_RECORDS PROVIDED_:

▶

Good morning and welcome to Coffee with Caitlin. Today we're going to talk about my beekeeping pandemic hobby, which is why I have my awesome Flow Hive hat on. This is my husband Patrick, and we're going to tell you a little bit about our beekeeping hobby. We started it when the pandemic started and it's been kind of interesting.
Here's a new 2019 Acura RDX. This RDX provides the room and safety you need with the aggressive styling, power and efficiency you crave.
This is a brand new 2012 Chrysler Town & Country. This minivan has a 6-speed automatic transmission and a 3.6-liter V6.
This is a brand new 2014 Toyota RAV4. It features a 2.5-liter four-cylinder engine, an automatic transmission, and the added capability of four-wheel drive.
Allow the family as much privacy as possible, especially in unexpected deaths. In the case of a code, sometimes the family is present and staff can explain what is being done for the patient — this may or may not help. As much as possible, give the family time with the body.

◀
▶

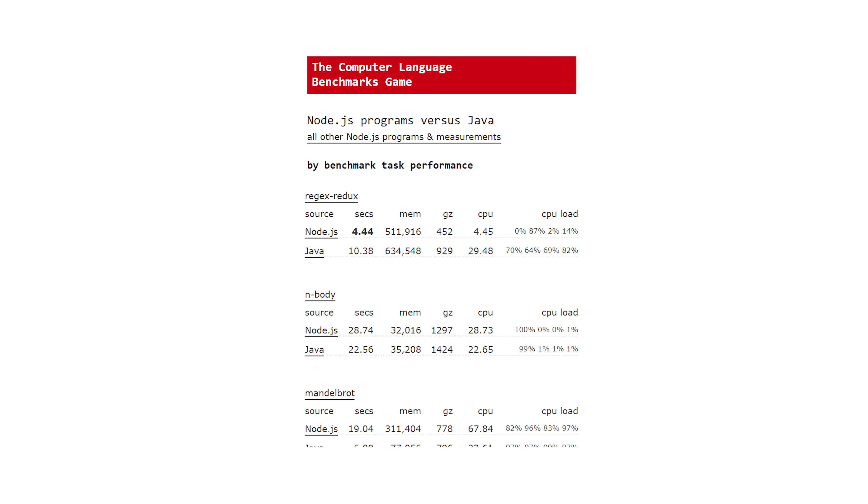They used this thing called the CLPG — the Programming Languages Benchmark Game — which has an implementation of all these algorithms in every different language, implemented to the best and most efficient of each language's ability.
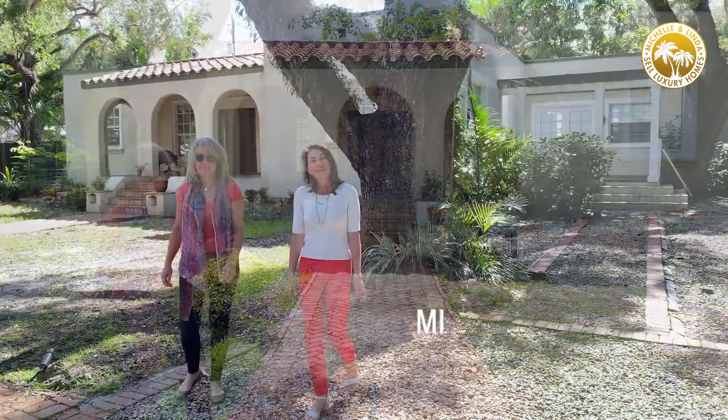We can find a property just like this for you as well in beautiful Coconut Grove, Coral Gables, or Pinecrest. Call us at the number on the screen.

◀
▶

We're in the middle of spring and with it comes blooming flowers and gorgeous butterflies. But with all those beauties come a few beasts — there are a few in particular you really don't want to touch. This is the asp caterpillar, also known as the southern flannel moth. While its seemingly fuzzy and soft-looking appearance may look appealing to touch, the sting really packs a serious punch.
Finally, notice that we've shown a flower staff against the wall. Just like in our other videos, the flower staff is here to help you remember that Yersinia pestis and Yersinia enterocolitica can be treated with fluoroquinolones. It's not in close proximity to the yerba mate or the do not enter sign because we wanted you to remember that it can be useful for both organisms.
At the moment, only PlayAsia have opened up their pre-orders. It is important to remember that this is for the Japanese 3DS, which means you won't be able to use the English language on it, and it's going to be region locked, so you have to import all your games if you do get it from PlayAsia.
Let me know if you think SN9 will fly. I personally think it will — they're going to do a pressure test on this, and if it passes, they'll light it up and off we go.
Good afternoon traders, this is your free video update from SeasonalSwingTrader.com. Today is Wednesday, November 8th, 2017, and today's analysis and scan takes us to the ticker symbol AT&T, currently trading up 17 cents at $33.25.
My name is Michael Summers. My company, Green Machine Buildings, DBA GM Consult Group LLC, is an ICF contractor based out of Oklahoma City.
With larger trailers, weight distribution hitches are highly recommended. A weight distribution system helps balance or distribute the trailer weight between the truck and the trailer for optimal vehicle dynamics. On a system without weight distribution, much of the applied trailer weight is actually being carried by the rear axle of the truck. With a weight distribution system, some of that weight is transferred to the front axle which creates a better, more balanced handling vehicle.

◀

Among the lines above, find the ones containing "your" and copy them.

At the moment, only PlayAsia have opened up their pre-orders. It is important to remember that this is for the Japanese 3DS, which means you won't be able to use the English language on it, and it's going to be region locked, so you have to import all your games if you do get it from PlayAsia.
Good afternoon traders, this is your free video update from SeasonalSwingTrader.com. Today is Wednesday, November 8th, 2017, and today's analysis and scan takes us to the ticker symbol AT&T, currently trading up 17 cents at $33.25.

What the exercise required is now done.